Liability Limit
Liability limit is the maximum amount your insurance company will pay for damages you cause to others in a single incident. Once this limit is reached, you become personally responsible for any additional costs.
Example
“Jennifer's auto policy had a $250,000 liability limit, but the accident she caused resulted in $350,000 in damages, leaving her personally responsible for $100,000.”
Memory Tip
Liability Limit = Insurance 'ceiling' - once you hit the ceiling, you pay the rest yourself.
Why It Matters
Liability limits determine how much financial protection you actually have, and choosing limits that are too low can expose you to devastating personal financial losses.

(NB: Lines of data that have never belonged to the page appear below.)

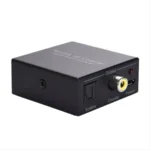 Adaptador Convertidor Audio Digital Coax Spdif Toslink A Rca.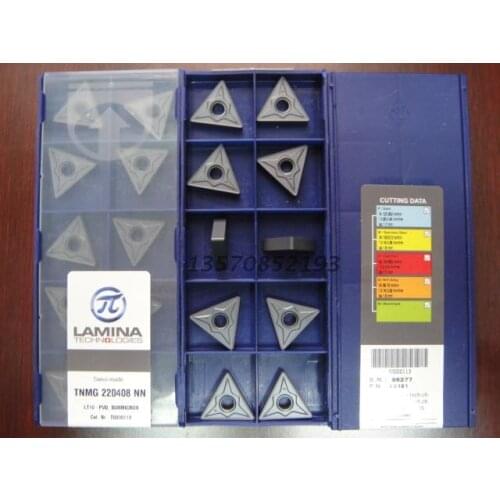 LAMINA TNMG220408NN LT10 CNC Carbide insert The original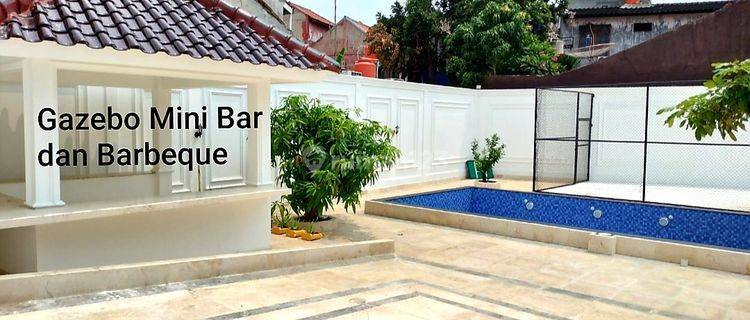 Dijual Rumah Mewah dengan Private Swimming Pool, tat  arn  1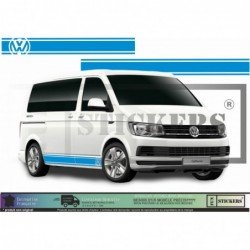 VW Transporter kit sticker bandes laterales decoratives stripes Fun Stickers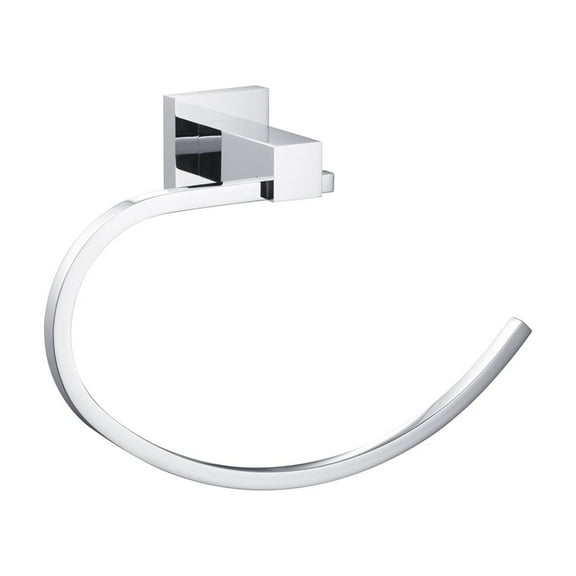 Eviva Holde Towel Holder (Chrome) Bathroom Accessories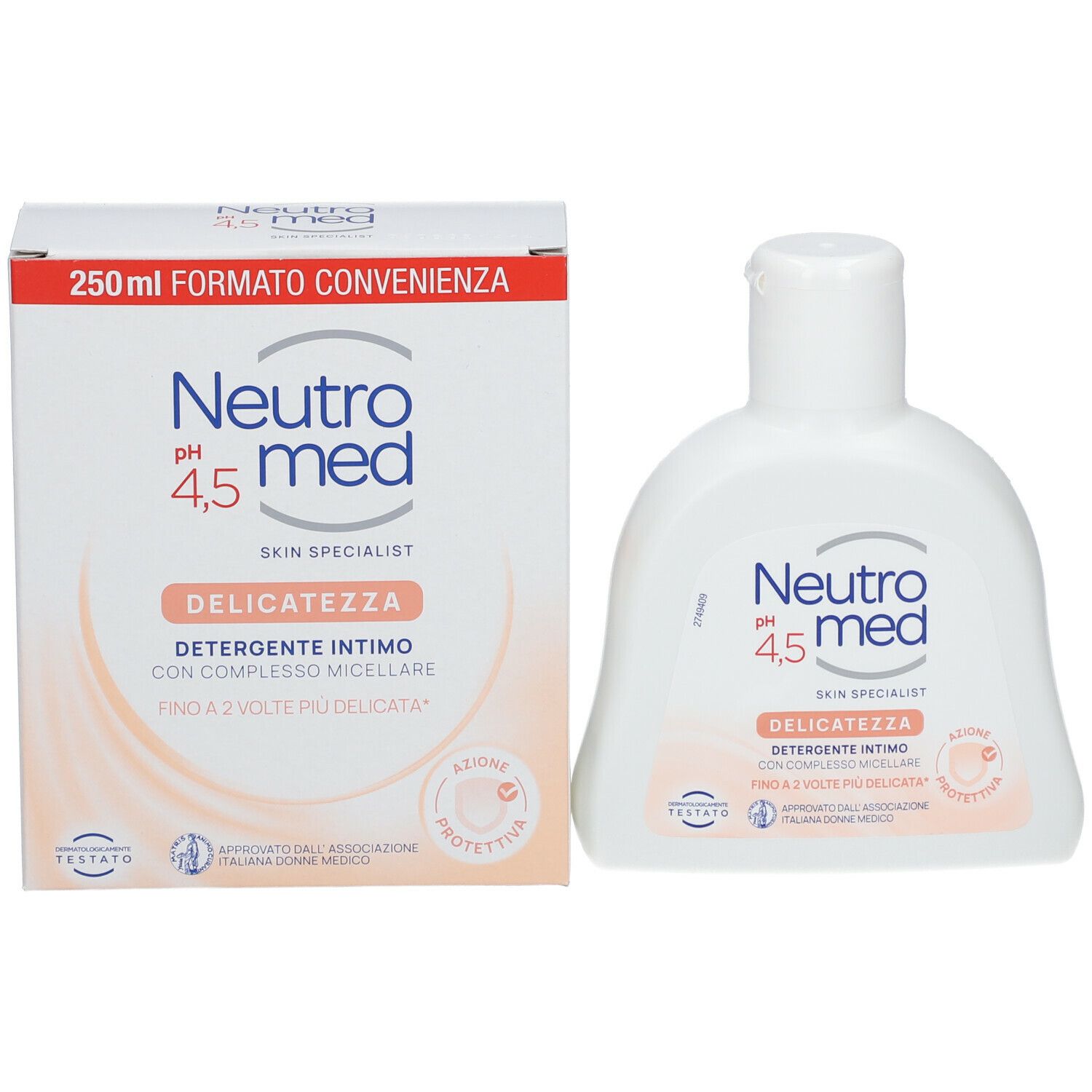 Neutromed Detergente Intimo Delicatezza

Higher limits provide better protection for your assets and future earnings.
Common Misconception
Many people assume their insurance will cover any accident regardless of cost, not realizing that liability limits cap their protection. They often choose minimum required limits without considering that a serious accident can easily exceed these amounts.
In Practice
If you have $50,000 in liability coverage but cause an accident resulting in $200,000 in medical bills and lost wages, your insurance pays only the first $50,000. You're personally liable for the remaining $150,000, which creditors can collect through wage garnishment, asset seizure, or liens on your property. This is why many financial advisors recommend liability limits of $300,000 to $500,000 or more, depending on your assets and income.
Etymology
From 'liability' (legal obligation) and 'limit' from Latin 'limes' meaning boundary, establishing the boundary of insurance responsibility.